Unable to obtain colonies from PCR-insert + vector ligation - (Jun/14/2006 )
I am using a pET-19b (5.5kb) and a 1.4kb insert, which I attain using overlap extension PCR.
I digest my vector using BamHI and NdeI (together), then dephosphorylate (in same tube) using CIAP. I purify the vector from agarose gel using Amersham Biosciences purification kit.
I also purify the insert after the last PCR reaction (PCR 3), then digest it with the same REs and purify from gel again.
My final concentrations are: 16ng/ul vector, 64ng/ul insert.
I've tried molar ratios of 1:3 and 1:6 (vector:insert).
I use the Quick Ligase kit from NE Biolabs, incubating my ligation mix (20ul total) for 5 minutes at room temperature, then use 2ul of the ligation mix with 50ul competent cells for electroporation-transformation.

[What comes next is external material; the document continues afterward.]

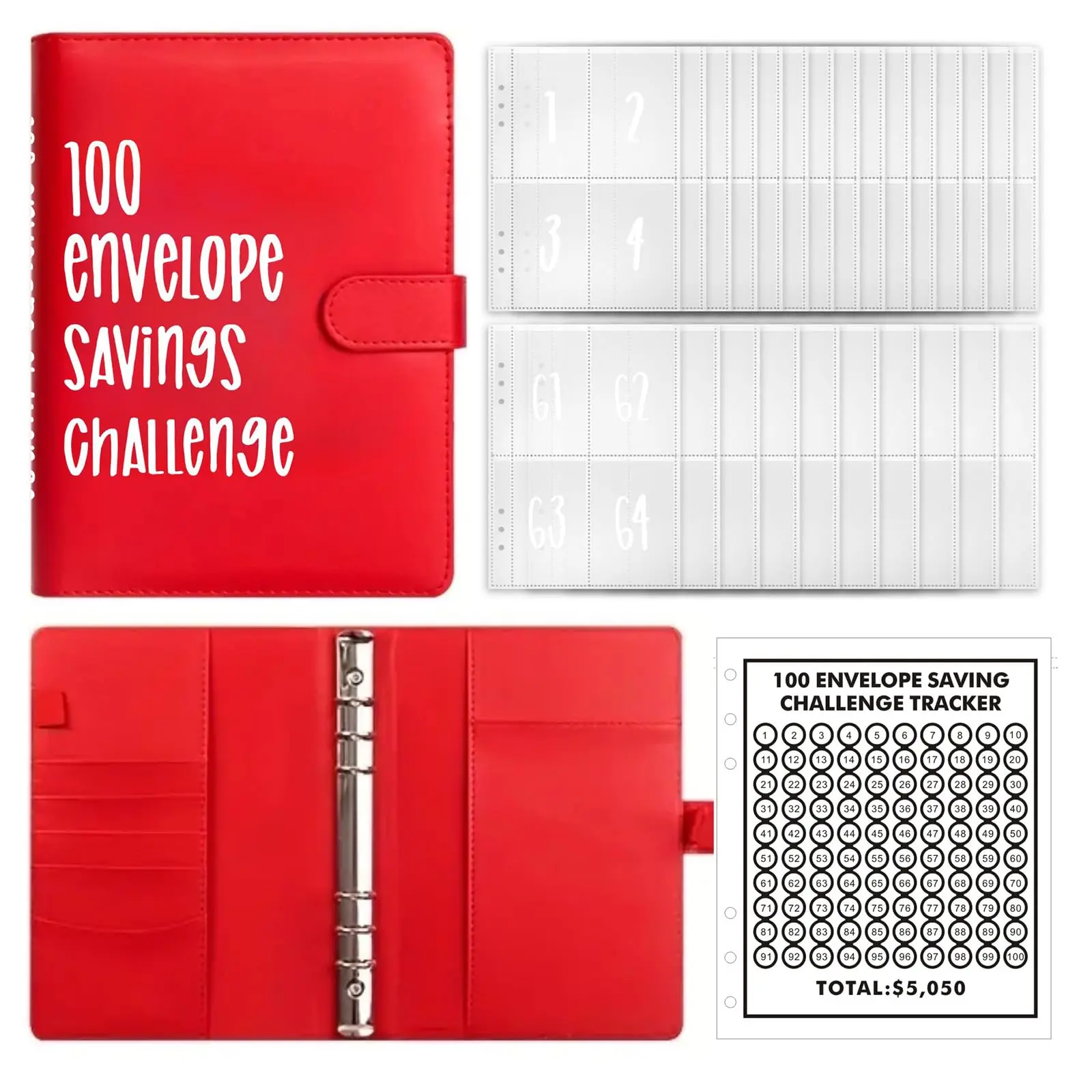 2026 Savings Challenge Planner, 100-Pocket Money Saving Binder with Pre-Numbered Envelopes & Tracker for Motivational $5050 Red Savings Process, Savings Tracker Organizer, Budget Binder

The competent cells are alright, as I've positive-checked them, and they've been used successfully by others.
Any suggestions or remarks will be greatly appreciated.
Last time, which is more than a year ago, I used the quick ligation kit (NEB), they suggested to heat shock cells and not electroporate. So check if this has changed.
From the NEB website:
Electroporation: Electroporation can increase transformation efficiency by several logs. Before using the products of a Quick Ligation reaction for electrotransformation, it is necessary to reduce the PEG concentration. We recommend a spin column purification.
So: try heath shock transformation, or purify your ligation, by spin column or precipitation.
Thanks for the tips.
I tried getting rid of the PEG in the quick ligation mix using spin columns, and then transforming using the purified ligation mix (w/o PEG).
Still no results.
Any other suggestions? I'm still very stuck here...
If u could borrow a few chemical competent cells for someone, try heat shocking the cells.
Thanks. I tried heat shock, didn't work. Also tried ligation with a regular T4 DNA ligase (not the quick ligation kit), didn't work.
I think maybe the problem is in the ligation?
If none of the ligations worked, I guess the problem might be the overdigestion of the vector or insert. Could u tell more abt ur digest conditions.